■ YOUR ASSIGNMENT ■
In the listing that follows, the lines starting at the one containing "ריבייראו פרטו Garden Hotel חדר תמונה" and ending at the one containing "Howler Prickly Pear Pocket Tee - Image 2" are to be returned exactly, both boundary lines included, and no others.

■ LISTED RECORDS ■
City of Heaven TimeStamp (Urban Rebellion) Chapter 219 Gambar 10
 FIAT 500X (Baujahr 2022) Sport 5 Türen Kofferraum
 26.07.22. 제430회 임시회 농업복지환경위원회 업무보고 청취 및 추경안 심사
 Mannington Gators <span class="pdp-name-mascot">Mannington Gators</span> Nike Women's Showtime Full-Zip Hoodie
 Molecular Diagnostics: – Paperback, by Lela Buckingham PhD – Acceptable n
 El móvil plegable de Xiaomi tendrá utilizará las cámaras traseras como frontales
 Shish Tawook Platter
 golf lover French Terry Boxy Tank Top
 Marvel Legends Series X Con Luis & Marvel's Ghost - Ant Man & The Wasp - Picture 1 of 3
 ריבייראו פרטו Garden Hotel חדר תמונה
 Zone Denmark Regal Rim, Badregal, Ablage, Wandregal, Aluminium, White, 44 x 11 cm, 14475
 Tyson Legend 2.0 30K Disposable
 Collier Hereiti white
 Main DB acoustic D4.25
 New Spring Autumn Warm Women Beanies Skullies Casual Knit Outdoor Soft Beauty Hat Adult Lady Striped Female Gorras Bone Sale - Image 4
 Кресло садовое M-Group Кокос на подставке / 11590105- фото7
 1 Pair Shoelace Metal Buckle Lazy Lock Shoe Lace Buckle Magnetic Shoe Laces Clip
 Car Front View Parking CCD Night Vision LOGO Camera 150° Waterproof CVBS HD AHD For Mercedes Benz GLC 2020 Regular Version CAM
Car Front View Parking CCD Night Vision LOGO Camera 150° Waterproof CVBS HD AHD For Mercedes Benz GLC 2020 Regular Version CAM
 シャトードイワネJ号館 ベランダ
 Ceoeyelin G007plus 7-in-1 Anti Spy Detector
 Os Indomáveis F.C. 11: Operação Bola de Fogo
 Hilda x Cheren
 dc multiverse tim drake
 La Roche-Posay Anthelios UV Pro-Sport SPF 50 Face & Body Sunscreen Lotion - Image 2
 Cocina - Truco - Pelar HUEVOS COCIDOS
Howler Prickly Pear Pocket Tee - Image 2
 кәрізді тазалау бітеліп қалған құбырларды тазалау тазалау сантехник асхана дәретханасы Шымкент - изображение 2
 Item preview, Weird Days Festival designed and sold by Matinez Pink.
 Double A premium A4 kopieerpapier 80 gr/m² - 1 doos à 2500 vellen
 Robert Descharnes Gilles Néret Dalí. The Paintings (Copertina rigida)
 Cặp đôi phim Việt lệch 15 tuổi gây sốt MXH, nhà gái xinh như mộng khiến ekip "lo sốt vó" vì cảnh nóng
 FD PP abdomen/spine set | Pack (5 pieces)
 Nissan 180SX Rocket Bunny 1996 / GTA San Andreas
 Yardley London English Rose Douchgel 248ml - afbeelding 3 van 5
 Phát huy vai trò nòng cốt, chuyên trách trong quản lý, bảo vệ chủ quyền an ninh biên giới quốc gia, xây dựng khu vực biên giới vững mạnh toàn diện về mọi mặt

■ RESULT OF THE TASK ■
 ריבייראו פרטו Garden Hotel חדר תמונה
 Zone Denmark Regal Rim, Badregal, Ablage, Wandregal, Aluminium, White, 44 x 11 cm, 14475
 Tyson Legend 2.0 30K Disposable
 Collier Hereiti white
 Main DB acoustic D4.25
 New Spring Autumn Warm Women Beanies Skullies Casual Knit Outdoor Soft Beauty Hat Adult Lady Striped Female Gorras Bone Sale - Image 4
 Кресло садовое M-Group Кокос на подставке / 11590105- фото7
 1 Pair Shoelace Metal Buckle Lazy Lock Shoe Lace Buckle Magnetic Shoe Laces Clip
 Car Front View Parking CCD Night Vision LOGO Camera 150° Waterproof CVBS HD AHD For Mercedes Benz GLC 2020 Regular Version CAM
Car Front View Parking CCD Night Vision LOGO Camera 150° Waterproof CVBS HD AHD For Mercedes Benz GLC 2020 Regular Version CAM
 シャトードイワネJ号館 ベランダ
 Ceoeyelin G007plus 7-in-1 Anti Spy Detector
 Os Indomáveis F.C. 11: Operação Bola de Fogo
 Hilda x Cheren
 dc multiverse tim drake
 La Roche-Posay Anthelios UV Pro-Sport SPF 50 Face & Body Sunscreen Lotion - Image 2
 Cocina - Truco - Pelar HUEVOS COCIDOS
Howler Prickly Pear Pocket Tee - Image 2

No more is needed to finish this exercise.